L’art de Paula est plein de frondeuses, de jeunes filles et de femmes qui refusent leur déterminisme social.Même discrètement. Dans ses œuvres elle explore leurs identités, la façon dont la société les façonnent, le rôle qu’elles y jouent notamment pendant que les hommes sont envoyés outre-mer pour servir les rêves coloniaux de leur gouvernement.

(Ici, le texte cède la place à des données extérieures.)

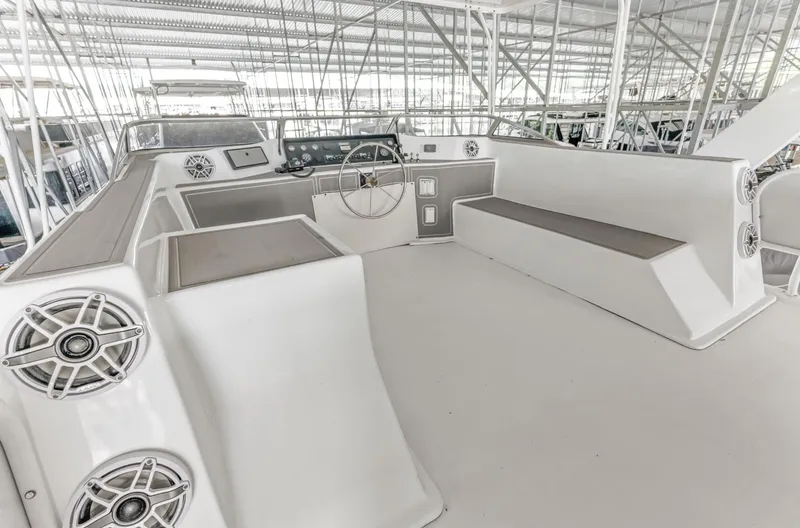 Slide: The Image of 1997 Sumerset 18 x 93 houseboat helm with seating and speakers in a covered marina. - 18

On retrouve l'ambivalence qui les tiraille dans une oeuvre comme “The Policeman’s Daughter”,la jeune fille accomplit à la fois son devoir en lustrant les bottes noires du patriarche, mais le défie en introduisant son bras dans cette botte qui symbolise autant le fascisme qu’elle représente l’autorité.C’est comme si elle découvrait son pouvoir sous nos yeux. Quand on me demande régulièrement pourquoi je continue à parler de male gaze malgré les contours parfois assez flou de ce concept, je pense qu’il est important d’avoir un outil, une grille de lecture qui nous permet de percevoir comment les regards dominants (masculin, blanc, cis, hétéro) ont impacté la façon dont on se représente des groupes de personnes. Le cas de la représentation des très jeunes filles dans l’histoire de l’art est particulièrement frappant. Regarder la Thérèse (1938) du peintre français Balthus en train de rêver ou une jeune fille de Rego en train de plumer une oie, c’est une expérience complètement différente. Pas que la première manque forcément de complexité ou d’une vie intérieure mais la façon dont elle est présentée (lisez ultra sexualisée) annule cet aspect là en détournant l’attention du spectateur. Ca normalise aussi l’érotisation de très jeunes filles (comme chez Gauguin, qui était lui très clairement un prédateur), au lieu d’en faire potentiellement un sujet comme chez Rego. La fille du policier a évidemment aussi une dimension érotique mais l’artiste n’érotise pas son personnage, ce qui fait selon moi toute la différence.
Les femmes sont au cœur du travail de l’artiste portugaise. Dès ses débuts quand elle pratiquait encore le collage, elle dénoncait déjà l’objectification et la fétichisation du corps des femmes ainsi que leur droit à refuser d’être réduites à des enveloppes corporelles.
Quand elle a 17 ans, Rego quitte l’école de la banlieue londonienne dans laquelle son père l’a envoyée étudier pour rejoindre la Slade School of Fine Art. Elle veut mettre toutes les chances de son côté pour vivre de son art tout en étant consciente qu’à cette époque c’est rare pour une femme: “Les femmes étaient là pour être des partenaires et des soutiens pour leurs maris artistes. Je n'étais pas comme ça. Je voulais faire partie du club, être avec les grands peintres que j'admirais”.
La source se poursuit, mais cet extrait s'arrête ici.